Last week, the National Labor Relations Board (NLRB) in a 3-1 decision upheld an Administrative Law Judge ruling that an employer violated Section 8(a)(1) of the National Labor Relations Act (the Act) when it discharged five employees who complained on Facebook about comments a co-worker had made regarding their job performance.

“Although the employees’ mode of communicating their workplace concerns might be novel, we agree with the judge that the appropriate analytical framework for resolving their discharge allegation has long been settled . . .” the Board stated in Hispanics United of Buffalo, Inc. It then applied doctrine established in 1983 ─ 30 years before “social media” existed ─ in ruling that the terminations violated the Act.

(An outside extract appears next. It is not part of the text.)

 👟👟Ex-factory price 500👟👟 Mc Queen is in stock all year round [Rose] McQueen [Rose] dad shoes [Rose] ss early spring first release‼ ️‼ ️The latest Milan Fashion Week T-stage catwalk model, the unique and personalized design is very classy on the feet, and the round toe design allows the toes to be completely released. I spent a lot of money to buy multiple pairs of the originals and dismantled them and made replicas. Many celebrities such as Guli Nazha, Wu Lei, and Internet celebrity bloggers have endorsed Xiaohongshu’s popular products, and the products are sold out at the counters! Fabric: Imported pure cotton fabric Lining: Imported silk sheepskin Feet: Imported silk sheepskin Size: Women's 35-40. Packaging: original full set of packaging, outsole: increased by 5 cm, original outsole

In Hispanics United one of the five discharged employees wrote a post on her own Facebook page alerting the others that their co-worker was making comments critical of their respective job performances. The other four posted comments “generally object[ing] to the assertion that their work performance was substandard.”

The employer then terminated the five employees allegedly for “bullying and harass[ing]” their co-worker and violating the employer’s “zero tolerance” policy.

The Board analyzed the case under the well-settled doctrine established under Meyers Industries, 268 NLRB 493 (1983) and its progeny. As such, the Board evaluated whether: (1) the activity engaged in by the employee was “concerted” within the meaning of Section 7 of the Act; (2) the employer knew of the concerted nature of the employee’s activity; (3) the concerted activity was protected by the Act; and (4) the discipline or discharge was motivated by the employee’s protected, concerted activity.

In this regard, only the first and third elements were in dispute: “whether the employees’ Facebook comments constituted concerted activity and, if so, whether that activity was protected by the Act.”

The Board found that there was “no question” that the employees’ conduct was concerted in that their comments were made for ‘the purpose of mutual aid or protection,” and, moreover, they “were taking a first step towards taking group action to defend themselves.”

In addition, “the Facebook comments here fall well within the Act’s protection. The Board has long held that Section 7 protects employee discussions about their job performance, and the Facebook comments plainly centered on that subject.”

Thus, employers should understand that whether employees converse on a shop floor or over electronic media from their homes, their activity will be analyzed according to the same long-standing Board precedent.